Why Do Cats Always Land on Their Feet?

As long as there have been little kids and curious scientists, people have been dropping cats to see what happens. And for just as long, cats have landed on their feet. But how do cats pull this off? The answer to that question has been a scientific query for hundreds of years. 

Do Cats Always Land on Their Feet?

In his 2019 book Falling Felines and Fundamental Physics, Greg Gbur, a physics professor at the University of North Carolina Charlotte, gives a delightful tour through the history of the science of falling cats (with fascinating detours into related history and science). According to Gbur's accounting, the problem has intrigued and vexed scientists since the 1700s.

By the mid-1800s, the basic laws of motion had been established; it was assumed that the law of conservation of angular momentum meant that an object in free fall needed something to push against to give it initial rotation. In other words, a cat couldn't just flip itself in space after it began falling. It must have been pushed off a tree limb or the hands of the person dropping it.

Then in 1882, French scientist Étienne-Jules Marey developed a technique called chrono-photography and used it to photograph a falling cat at 12 frames per second. The resulting images clearly showed that the cat could right itself in mid-air without pushing off anything. When Marey presented his findings at a meeting of the French Academy of Sciences in 1894, the reaction was intense. It seemed that Marey had presented evidence that contradicted the laws of physics.

It turns out, however, that the initial study of angular momentum was limited to rigid bodies. Cats are anything but. Cats are soft, cuddly, supple things. The flexibility of a cat's body makes it capable of pulling off these mid-air gymnastics.

Finding Out How Cats Land When They Fall

Scientists quickly realized their mistake, and soon an explanation was proffered. French mathematician Émile Guyou proposed a solution endorsed by Marey and accepted by most of the members of the Academy. In a manner similar to ice skaters pulling in their arms to spin faster or stretching out their arms to slow down, cats used the position of their front and back legs to control their spin.

(Credit:Étienne-Jules Marey, Public domain, via Wikimedia Commons/) {{PD-US}}

When a cat first falls, Guyou suggested, it extends its rear paws and tucks in its front paws. This allows it to twist its upper body without much counter-twist from the lower body. Then the cat tucks its rear paws, extends its front paws and twists its lower body into the desired position without much counter-twisting from the upper body. Gbur calls this the Tuck and Turn model, and it was fine as far as it went. 

Ongoing Debate Of Cat Gymnastics

Then in 1935, a team of Dutch physiologists, G. G. J. Rademaker and J. W. G. ter Braak, took another look at Marey's photos and noticed something others had missed. When cats start to fall, they arch their backs, bend their bodies in the middle, then rotate the two halves in opposite directions. The front part and the back part are essentially two cylinders rotating in opposite directions.
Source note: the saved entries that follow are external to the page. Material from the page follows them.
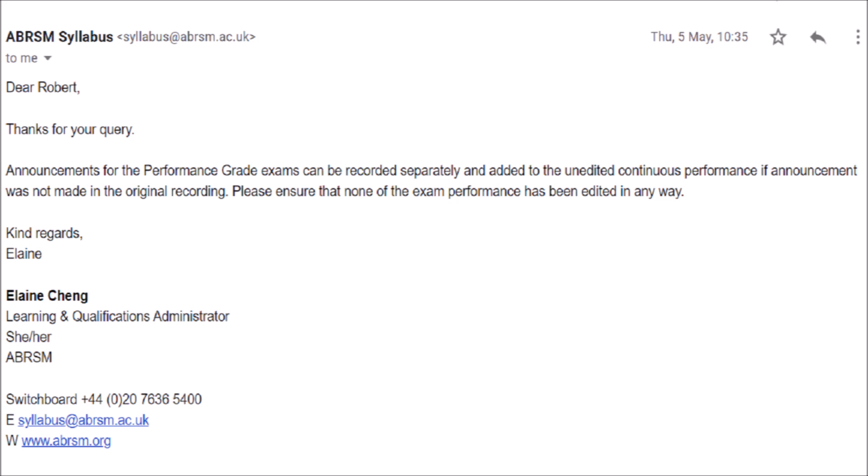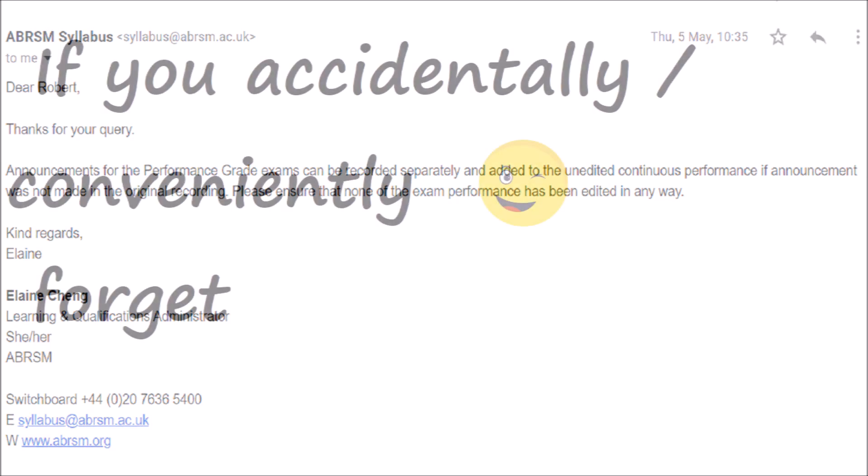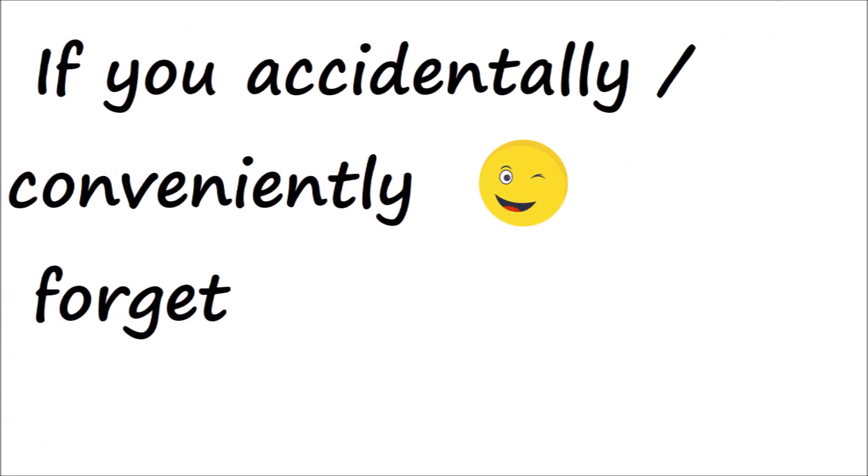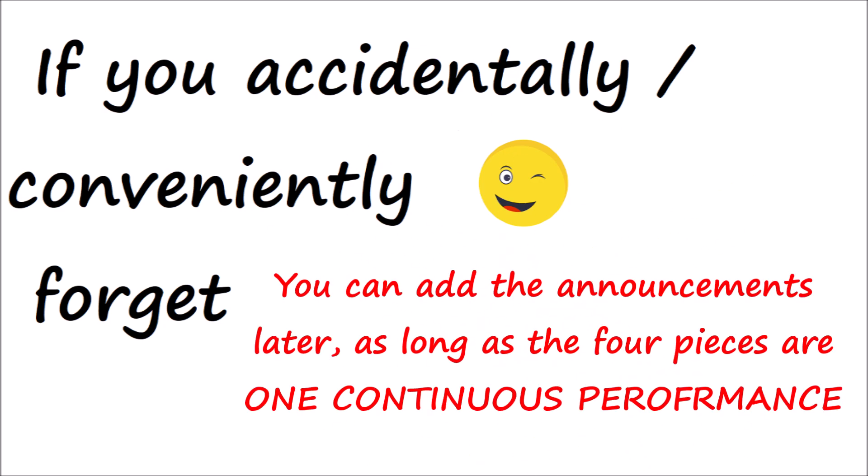Please ensure that none of the exam performance has been edited in any way. So, if you forget — conveniently or otherwise — to do the announcements first, you can always add them on later, as long as you make sure the four pieces are an uninterrupted performance.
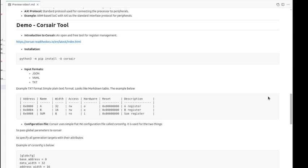We are going to use the Corsair tool, which is an open source and free tool for register management. You can check this at this point. It is a python-based tool, so you can install using the following command.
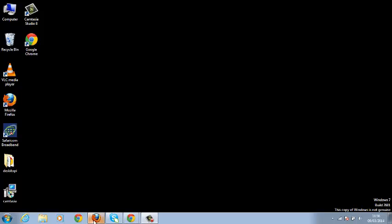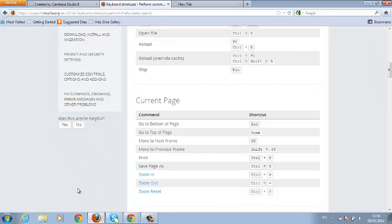If you want to use keyboard shortcuts to navigate your Mozilla Firefox browser, it's very simple. You can use these keyboard shortcuts very easily.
The angular momenta of the two turning parts of the cat's torso offset each other, resulting in an angular momentum of essentially zero. When the cat straightens back out, it will have flipped over. This is called the Bend and Twist model of cat turning.

But even that is not quite the final word. There are many different motions that come into play when a cat is falling, says Gbur, and there are many cats with individual personalities. "Each cat probably does their own little twist on it."
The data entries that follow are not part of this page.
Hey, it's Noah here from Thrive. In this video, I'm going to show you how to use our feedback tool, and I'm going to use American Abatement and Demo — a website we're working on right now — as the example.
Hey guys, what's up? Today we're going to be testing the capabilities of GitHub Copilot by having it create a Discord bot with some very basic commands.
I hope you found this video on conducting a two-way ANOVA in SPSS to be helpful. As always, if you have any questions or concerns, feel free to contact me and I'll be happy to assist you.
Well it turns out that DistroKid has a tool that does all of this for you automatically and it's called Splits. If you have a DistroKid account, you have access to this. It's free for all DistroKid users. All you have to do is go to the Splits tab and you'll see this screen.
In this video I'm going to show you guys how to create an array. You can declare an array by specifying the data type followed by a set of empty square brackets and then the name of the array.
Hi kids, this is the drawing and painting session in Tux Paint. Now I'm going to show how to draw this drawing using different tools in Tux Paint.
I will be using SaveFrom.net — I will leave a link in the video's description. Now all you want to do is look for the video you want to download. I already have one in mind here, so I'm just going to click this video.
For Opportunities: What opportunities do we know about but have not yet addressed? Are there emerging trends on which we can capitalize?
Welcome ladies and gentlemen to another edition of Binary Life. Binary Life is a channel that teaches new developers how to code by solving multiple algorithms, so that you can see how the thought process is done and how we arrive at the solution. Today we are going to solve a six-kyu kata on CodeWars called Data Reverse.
And there are many scientists, too, each with an individual personality. Gbur says he sees the "Falling Cat Problem" as something like a Rorschach test for physicists. When looking at films of falling cats, "everybody kind of sees what they want to see. If you're looking for Tuck and Turn, you'll probably notice the motion of the limbs more. If you're looking for Bend and Twist, you're probably going to spot the folding and the twisting of the body."
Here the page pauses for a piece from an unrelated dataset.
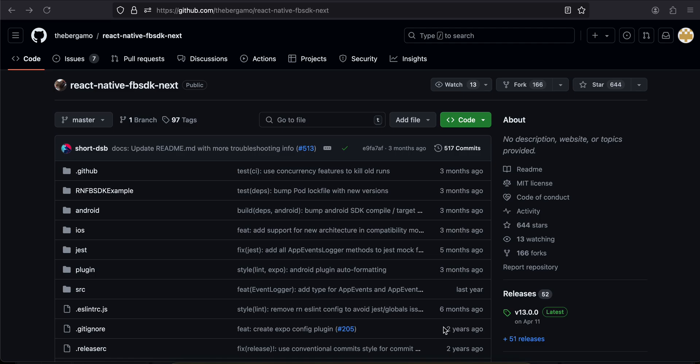Hello everyone, welcome back to the next video. In this video I will show you how to integrate Facebook login for React Native's new architecture. This will be only for Android — I have done the integration for iOS as well but for some reason it is not working for me.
Despite small distinctions in form, the physics of the falling cat problem is more or less solved. At this point, says Gbur, the remaining questions are more about the neuroscience involved — how the brain senses the fall and the rotation.

Don't Try This at Home

Gbur offers a word of advice to amateur scientists who are interested in the physics of falling cats: "Please, please don't drop your cats. All cats presumably have this reflex, but not all of them are very good at it. And there are plenty of videos online of falling cats that you can look at and study."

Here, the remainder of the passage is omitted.